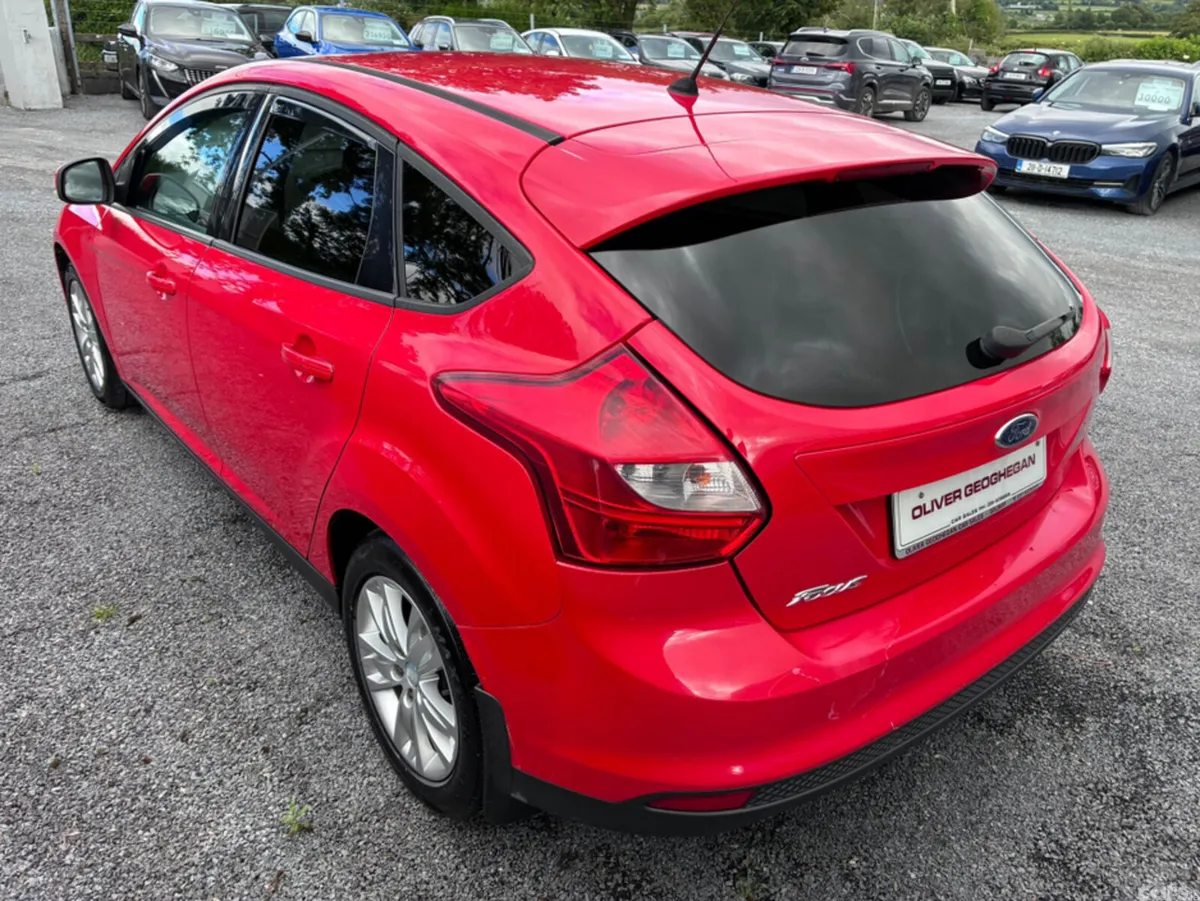 Ford Focus Hatchback, Diesel, 2012, Red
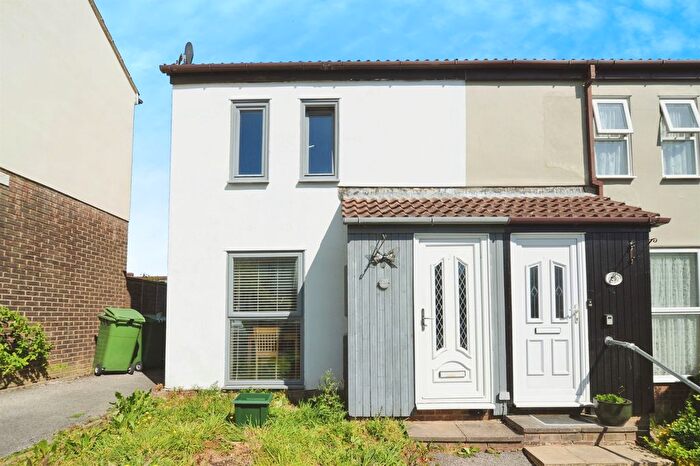 2 Bedroom End Of Terrace House For Sale In Inglewood Gardens, St. Leonards-On-Sea, TN38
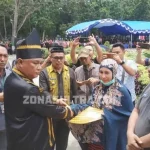 Pemda Konawe Berikan Bantuan Kepada Korban Kebakaran Pemda Konawe Berikan Bantuan Kepada Korban Kebakaran
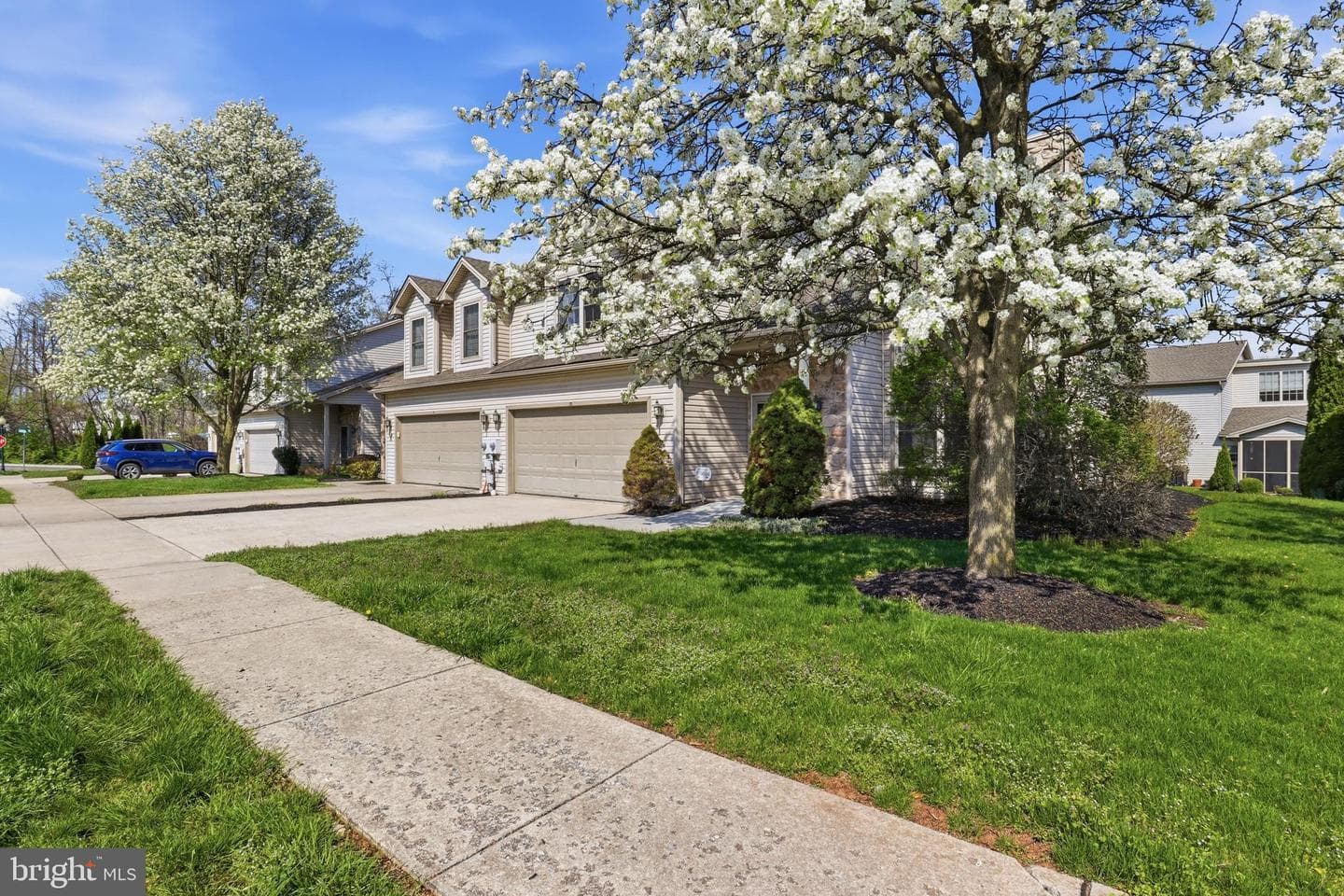 15 Creekview Drive photo 4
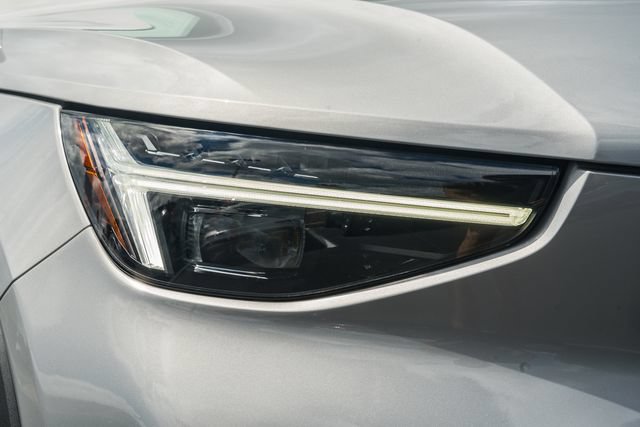 Certified 2023 Volvo XC40 B5 Ultimate w/ Protection Package Premier AWD/4WD image 15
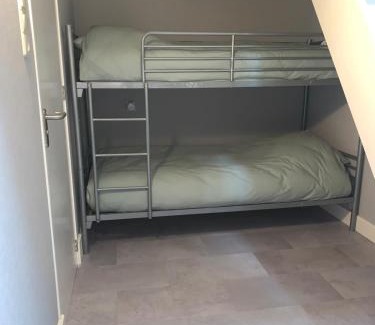 Hippolytushoef Apartment | OP ZESTIEN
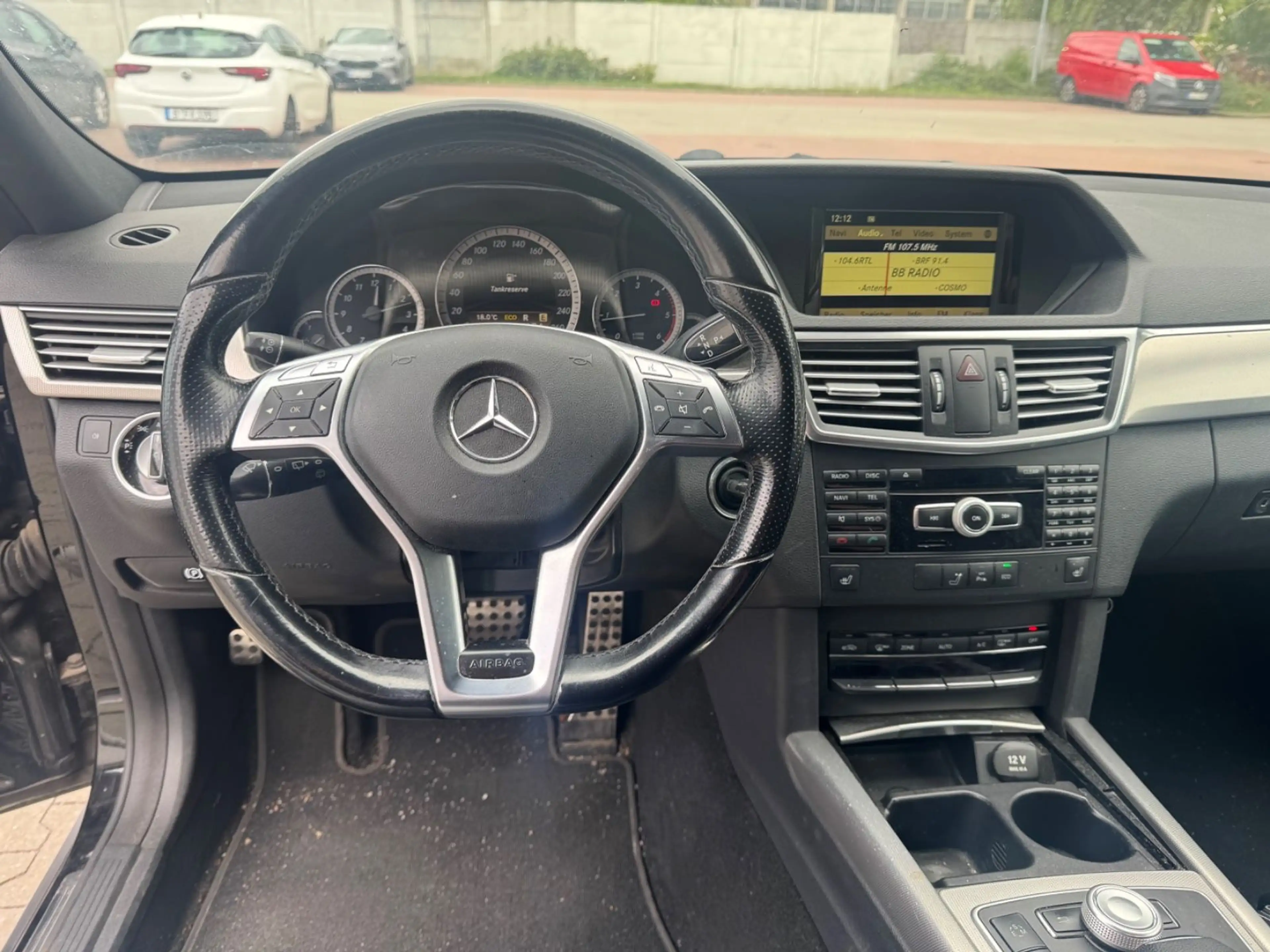 Mercedes-Benz E 250 CDI BlueEfficiency AMG Line/H&K/XENON/LED — photo 15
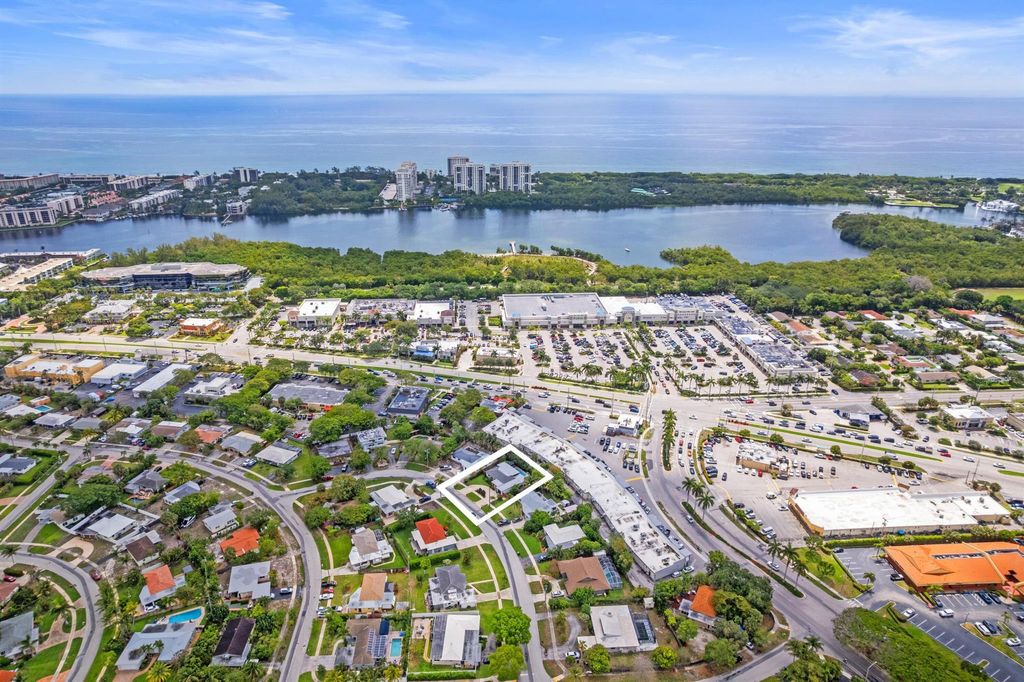 Photo of 450 NE 5th Circle, Boca Raton, FL 33431 (MLS # R11091949)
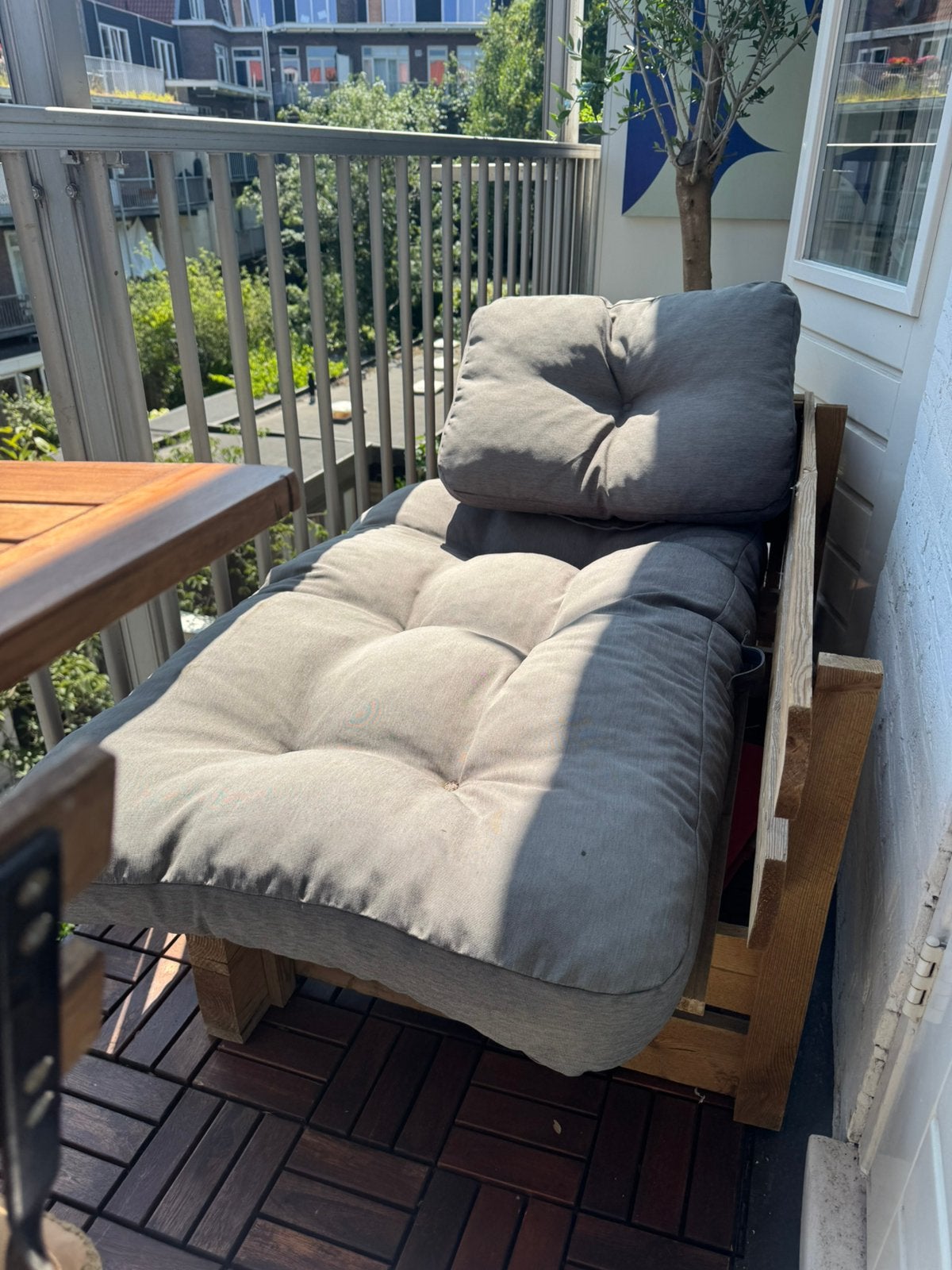 Balkon pallet bank met kussens, Ophalen, Gebruikt, Bank, 2 zitplaatsen
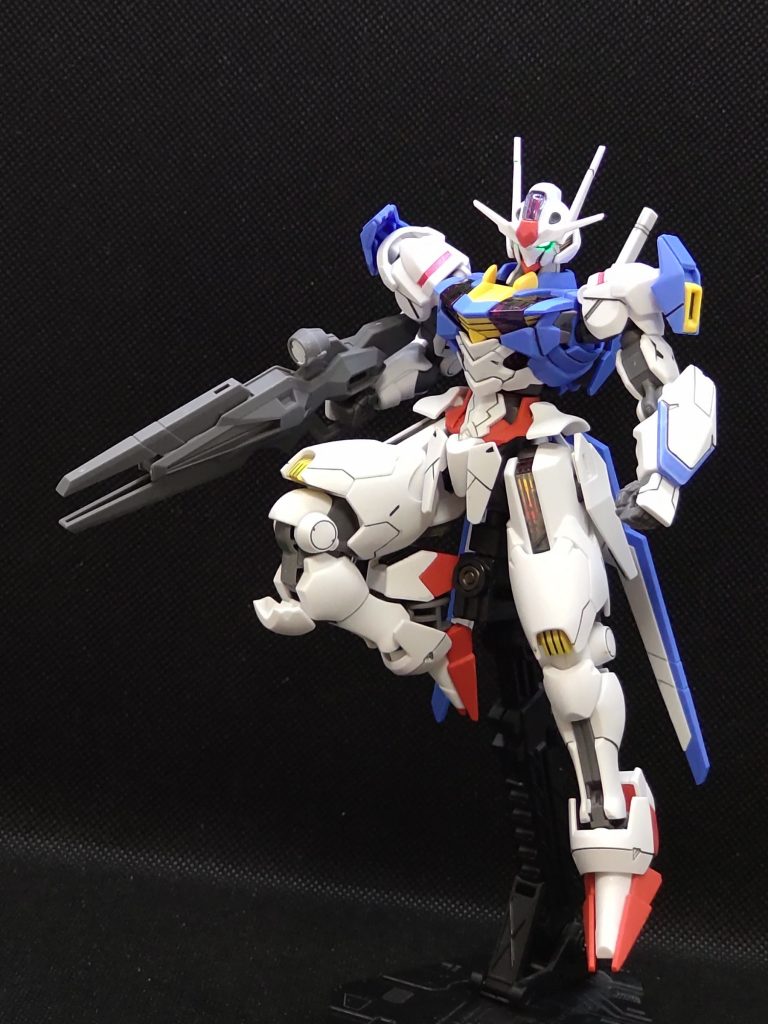 プロローグのシリアスな世界観も放送後話題になりましたが、第1話は第1話でまさかの百合展開でネットが騒然とし、色んな意味で話題の新作になってる事は見てて楽しいです(笑)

▶ **EXERCISE DETAILS**
From the first line of the entries above down to the line holding "15 Creekview Drive photo 4", quote each line exactly and nothing else, skipping pictures.

▶ **RESPONSE AREA**
 Ford Focus Hatchback, Diesel, 2012, Red
 2 Bedroom End Of Terrace House For Sale In Inglewood Gardens, St. Leonards-On-Sea, TN38
 Pemda Konawe Berikan Bantuan Kepada Korban Kebakaran Pemda Konawe Berikan Bantuan Kepada Korban Kebakaran
 15 Creekview Drive photo 4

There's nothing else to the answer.